Stephen Strasburg was back inside the home clubhouse at Nationals Park Wednesday afternoon, one day before what very well could have been the first Opening Day start of the young phenom’s career.
It’s not, of course. Livan Hernandez will take the ball for his ninth Opening Day start instead, tying him with Roy Halladay for the most among active pitchers.
But watching Strasburg on Wednesday, you could be forgiven for wondering if this will be the last Nationals Opening Day without him on the mound for the remainder of his time in a Washington uniform.
“I wish I was here (tomorrow),” Strasburg said before heading out to right field to get in his routine throwing and participating in the Nationals fanfest event.
“But I’m hoping to have plenty more in the long run. It’s definitely going to be tough (to not be a part of Opening Day), but I know the work I’m putting in right now is going to help me be there next Opening Day — hopefully pitching in it too.”
Strasburg, of course, will head back to Florida on Thursday to continue the arduous process of rehabbing from Tommy John surgery.
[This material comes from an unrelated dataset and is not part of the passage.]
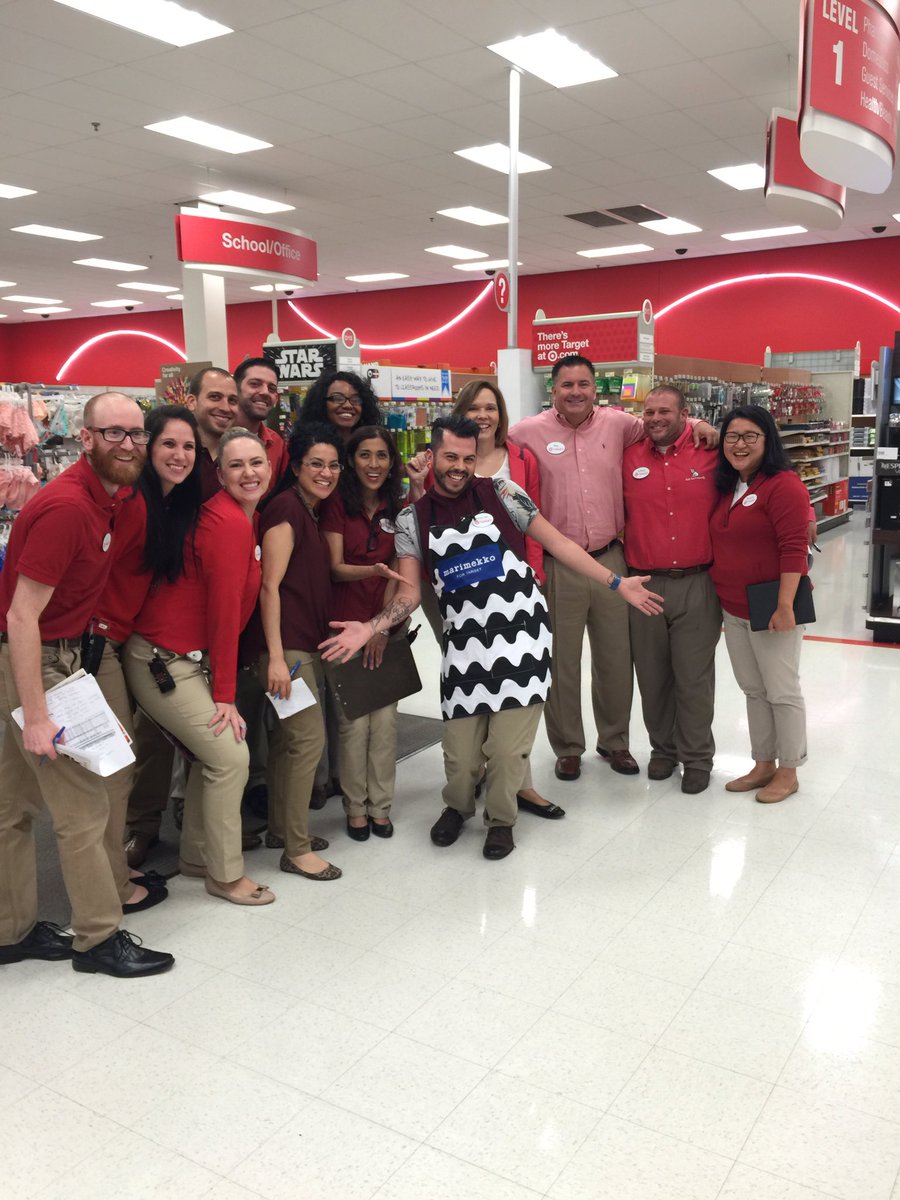 Steven rockin Marimekko at T1307 #MarimekkoForTarget @TonyCostanzoTGT @CarmenCmoch <a href="/BarbaraHwangbo/">Barbara Hwangbo</a>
As Nationals manager Jim Riggleman pointed out on Wednesday, he is now seven months out from the surgery and the goal is within sight.
“I really think I’m going to be better (than I was before),” Strasburg said.
A scary thought for opposing hitters, no doubt.
But first Strasburg has to progress past flat ground throwing sessions from about 120-feet. He said today that he expects to be throwing off a mound in a few weeks to a month and while all parties involved would obviously rather have the right-hander in Washington than in Florida, they’re not going to push Strasburg one ounce over what they feel his elbow ligament can withstand.
“As an athlete, you kind of want to push it and see how it’ll feel but they’re on me like hawks so I can’t be doing that stuff,” Strasburg said. “I can pretty much feel (pitching coach Steve McCatty) breathing on me when I’m throwing. They’re watching the way the ball’s coming out of my hand. If it’s a little too hot, they tell me to tone it down a little.”
The hard part for Strasburg comes when he gets on that plane tomorrow. When he goes back to rehabbing on his own, away from his teammates and focuses on the small progress he can see over each week and month.
If all goes according to plan, this will be the last time the Nationals open a season without him for the foreseeable future.
When the idea was posed to Hernandez after his final spring training start — that no matter how well he pitches this season and if he were to return to the team next year he would most likely not make the Opening Day start the veteran looked at it pragmatically.
“This one is special,” Hernandez said, “because I don’t know if it’s going to be the last one. Sometimes you play golf, and birdie doesn’t win the hole.”